Sieve of Eratosthenes Benchmark (calculating prime numbers)
-------------------------------------------------------------

CPU execution time in seconds !

Compiler ! VAX750  ! VAX780  ! VAX785  ! uVAX II ! VAX8200 !
---------+---------+---------+---------+---------+---------+
ADA      !  2.53   !  1.54   !  1.07   !   1.46	 !  1.30   !
BASIC    !  3.87   !  2.19   !  1.60   !   2.45	 !  1.89   !
BLISS    !  2.27   !  1.49   !  0.91   !   1.40	 !  1.64   !
C        !  3.49   !  2.14   !  1.56   !   2.14	 !  1.81   !
COBOL    ! 10.14   !  5.91   !  3.89   !  19.88	 !  5.69   !
FORTRAN  !  2.14   !  1.27   !  0.84   !   1.18	 !  1.08   !
PASCAL   !  2.98   !  1.65   !  1.06   !   1.71	 !  1.54   !
PLI      !  2.63   !  1.48   !  0.91   !   1.61	 !  1.33   !
---------+---------+---------+---------+---------+---------+

Compiler ! Version  ! Compiler Option
---------+----------+---------------------------------------+
ADA      ! T1.3-19  ! ADA    /NOCHECK/OPTIMIZE=TIME
BASIC    ! V2.4     ! BASIC  /NOCHECK/OPTIMIZE
BLISS    ! V4.1-746 ! BLISS  /OPTIMIZE=(LEVEL:3,NOSAFE,SPEED)
C        ! V2.2-015 ! CC     /OPTIMIZE
COBOL    ! V3.4-49  ! COBOL  /NOCHECK
FORTRAN  ! V4.5-220 ! FORTRAN/NOCHECK/OPTIMIZE
PASCAL   ! V3.4-114 ! PASCAL /NOCHECK/OPTIMIZE=ALL
PLI      ! T3.0-091 ! PLI    /NOCHECK/OPTIMIZE
---------+----------+---------------------------------------+
115.24How about a MACRO-32 version?TLE::MEIERBill MeierMon Dec 01 1986 14:468
Might be interesting to code the "FORGOL" algorithm in MACRO-32 to see what the
"theroretical" limit on execution speed, assuming of course, a good macro 
programmer can [eventually] produce code that is better than any compiler, at
least today, with the VAX instruction set.
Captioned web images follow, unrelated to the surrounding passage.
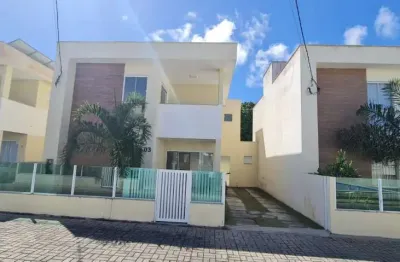 Casa com 4 suítes à venda,  600 metros da praia de buraquinho,140 m² por r$ 780.000 - buraquinho - lauro de freitas/ba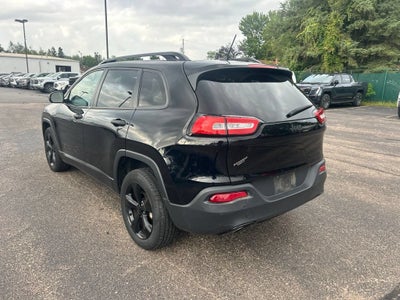 2017 Jeep Cherokee Altitude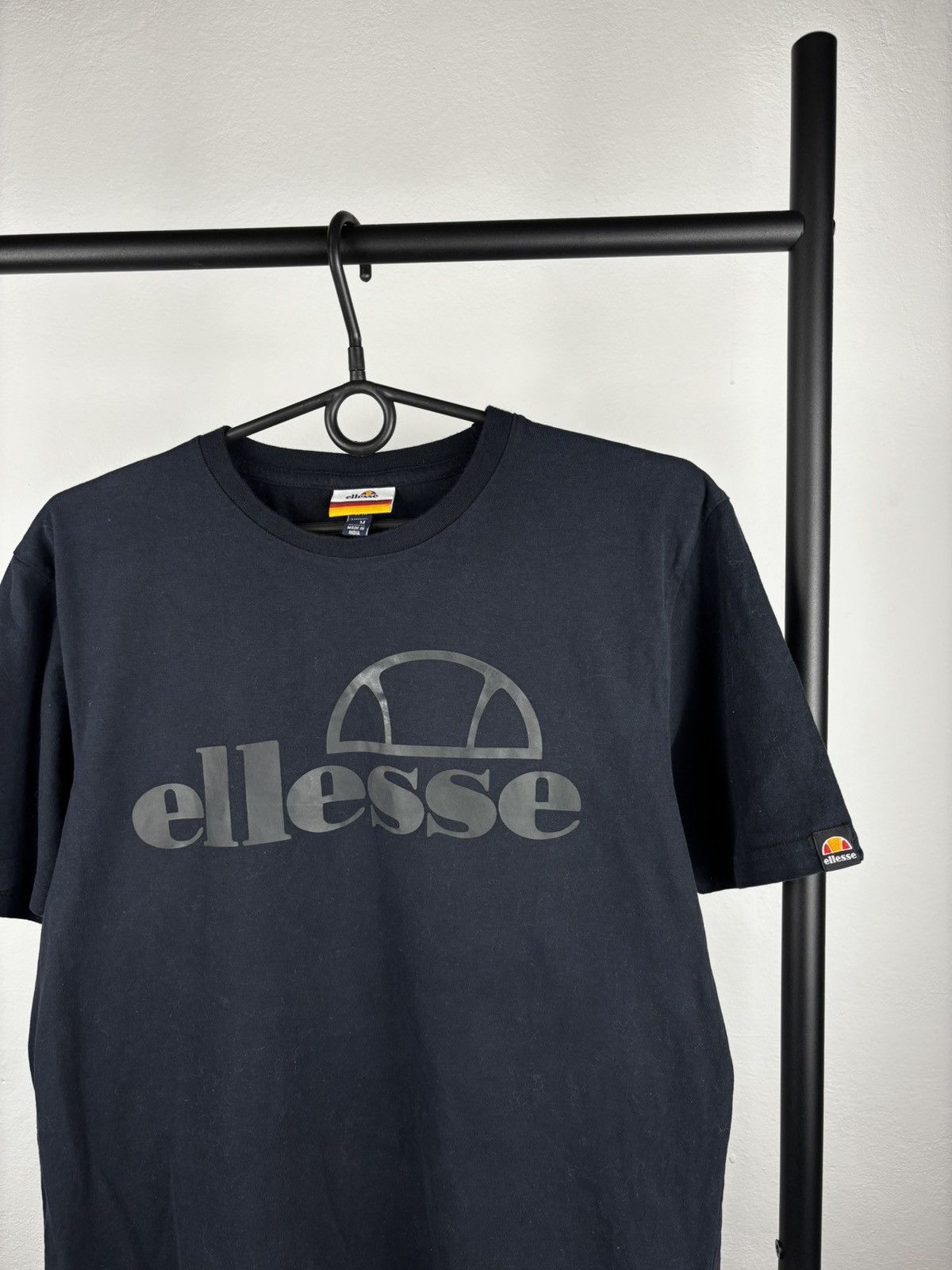 Ellesse Ellesse Big Logo T shirt size M Size US M / EU 48-50 / 2 - 2 Thumbnail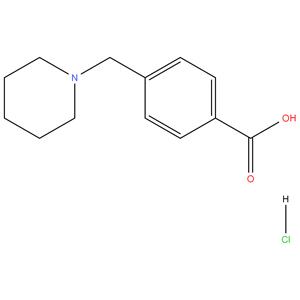 4-[(Piperidin-1-yl)methyl]benzoic acid hydrochloride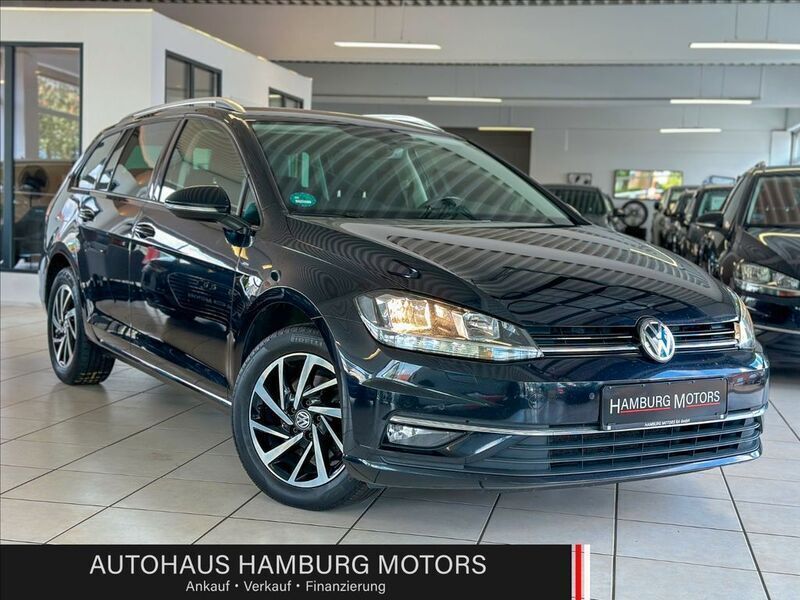 Schwarz Gebraucht 2019 VW Golf VII Join Kombi | 13.290 € (Fairer Preis) - Bild 1/4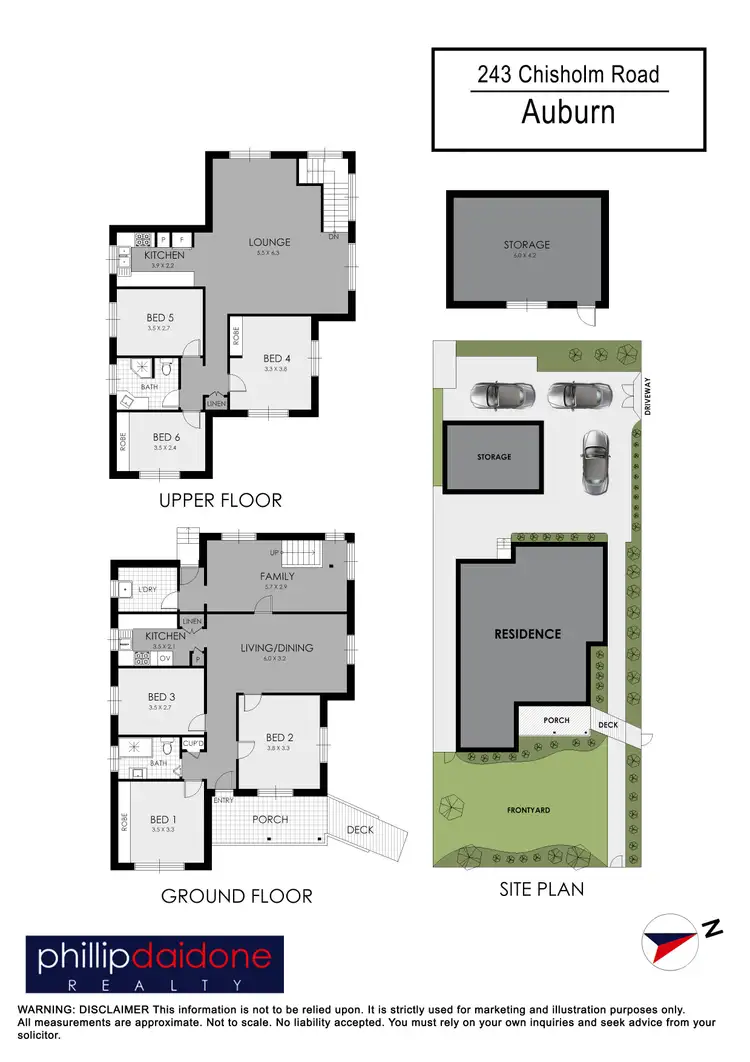 Floorplan of Homely house listing, 243 Chisholm Road, Auburn NSW 2144
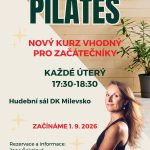 Kam vyrazit za kulturou na konci prázdnin v Milevsku?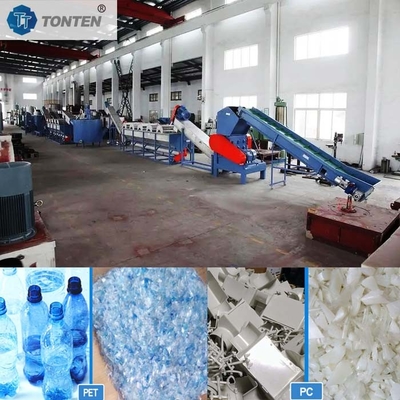 Abfallmischter Abfall Plastik PET Flasche Abfallrecycling-Anlage Maschine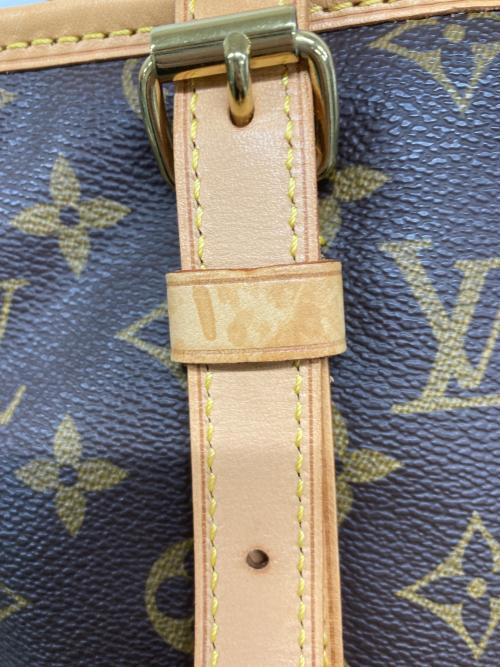 LOUIS VUITTON（ルイ ヴィトン）LOUIS VUITTON (ルイ ヴィトン) トートバッグ ブラウンの古着・服飾アイテム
Ie, is FORTRAN at the 99% point relative to MACRO or the 80% point, etc.

Any volunteers?
115.25Improvement still possibleOSLCSC::OLAVOlav Tollefsen, TSSC, NorwayThu Dec 04 1986 15:5442
    Declaring the flags array of type BOOLEAN will speed up the Ada version
    by 10%.  I have included the new version. 
    
    Olav
    
with TEXT_IO; use TEXT_IO;
procedure ERATOADA is
    package INT_IO is new INTEGER_IO(INTEGER);
    LIMIT : constant INTEGER:=10000;
    FLAGS : array (1..LIMIT) of BOOLEAN;
    COUNTER,PRIME,I,J,K : INTEGER;
    procedure INIT;
    pragma INTERFACE(VMS,INIT);
    pragma IMPORT_PROCEDURE(INIT,"lib$init_timer");
    procedure SHOW;
    pragma INTERFACE(VMS,SHOW);
    pragma IMPORT_PROCEDURE(SHOW,"lib$show_timer");
begin
 PUT_LINE("ERATO start in ADA");
 INIT;
 for J in 1..10
  loop
   COUNTER:=0;
   FLAGS:=(others => TRUE);
   for I in 1..LIMIT
    loop
     if FLAGS(I)
      then
       PRIME:= I+I+3;
       K:=I+PRIME;
       while K<=LIMIT
        loop
         FLAGS(K):= FALSE;
         K:=K+PRIME;
        end loop;
       COUNTER:=COUNTER+1;
      end if;
    end loop;
  end loop;
 SHOW;
 INT_IO.PUT(COUNTER);PUT_LINE(" primes");
end ERATOADA;
115.26SMOP::GLOSSOPKent GlossopSat Dec 06 1986 01:4191
Just like for BASIC, it's possible to make things go faster for other
languages if you know the compiler.  I modified the PL/I benchmark
slightly, and it now actually very slightly outperforms even the original
FORTRAN version on an 8800.  Well, that was until I modified the FORTRAN
version...  The FORTRAN version can be sped up quite a bit on the
8800 if you know that the memory is organized as longwords.  When
you know that, you know that byte writes take longer than longword
writes, since for byte writes, the system must read the old longword
and update the value, while (aligned) longword writes can just blast
the old location.  The catch is systems that cost more to write longwords
than bytes (systems with 16-bit memory, perhaps) might actually go
slower.  (Also, LOGICAL*4 allows BLBS/BLBC to be used in place of
BBS/BBC, since you know there is an entire longword available.)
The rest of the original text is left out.